It was summertime, about 1975, Susan says, when she and a friend were just bored preteens looking for some fun on Fort Worden Beach in Port Townsend.

"The only pieces of paper we had were these random slips in our bag. My friend, her family owned a deli, so she had a restaurant receipt and I had one of those subscription magazine slips. I think we just haphazardly just wrote this quick letter found a bottle and just tossed it," Susan recalled.

Some time passed and Susan and her friend forgot all about the message.

Then, in April 2015, nearly 40 years later, Mikki Stazel was combing the beach with her dog in Alaska when she came across that old green bottle.

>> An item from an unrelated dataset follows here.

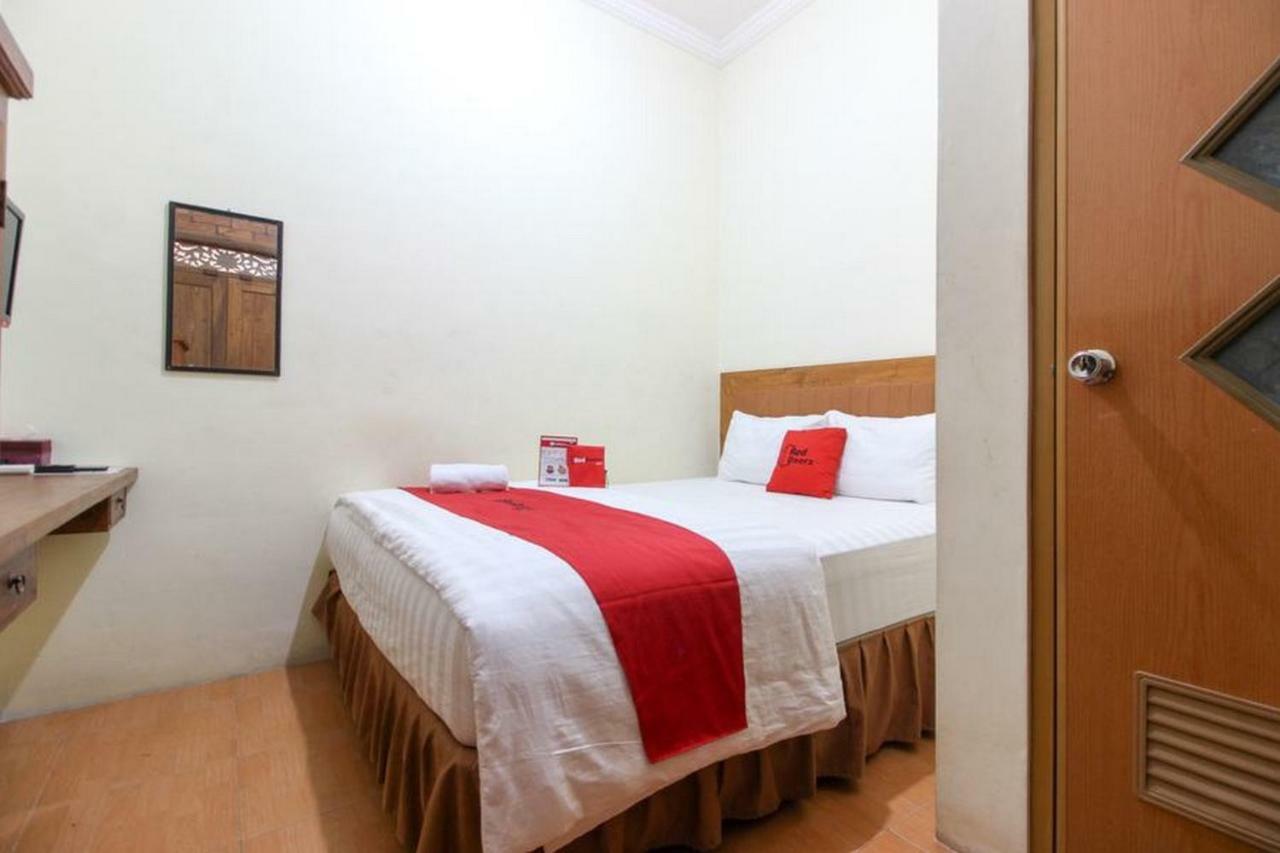 RedDoorz near AMIKOM Yogyakarta 2 Maguwo Bagian luar foto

After cracking it open, the bottle revealed two very old notes. One was signed by Susan Cordell of Port Townsend, Wash., promising a reward should that bottle ever be returned.

Mikki and her boyfriend did some research online and found Susan Cordell, now living as a scientist in Hawaii.

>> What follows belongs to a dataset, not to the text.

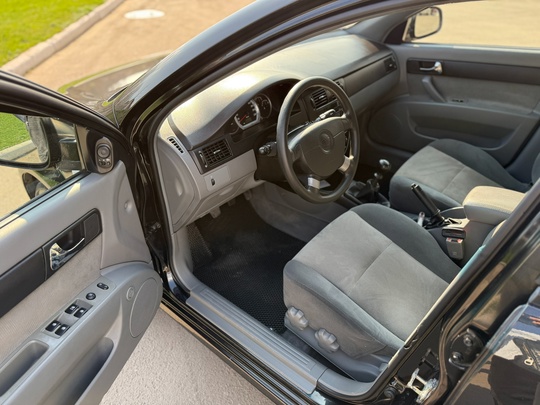 В продаже в Луганске
Daewoo Gentra (4)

"Are you, by chance, Susan Cordell from Port Townsend, Washington, and, if so, I found a message in a bottle from you!"

"I had this flooding memory of doing it and so I immediately wrote back and said yes, it’s me," Susan said.

A friend of Susan’s, who studies oceanography, told her it's quite possible the bottle traveled the ocean currents clockwise, circling from Hawaii over to China and Russia, finally resting on the shores of Alaska.

"The fact that it didn't break and it landed on a soft beach, I mean, I'm a scientist, so knowing the statistics that would be involved for something like this to happen is almost impossible," Susan said.

Almost, but not really, and, as this tale proves, the possibilities are endless.

"It feels special to be the one and to be able to share that story, but more than anything to me it becomes more about the people," Mikki said.

"Definitely makes it feel like anything is possible," Susan said.

And so you're probably wondering what about that reward, right?

Well, Susan delivered on her promise. She's already sent Mikki coffee and chocolate, from her Hawaiian farm, to Alaska as a thank you.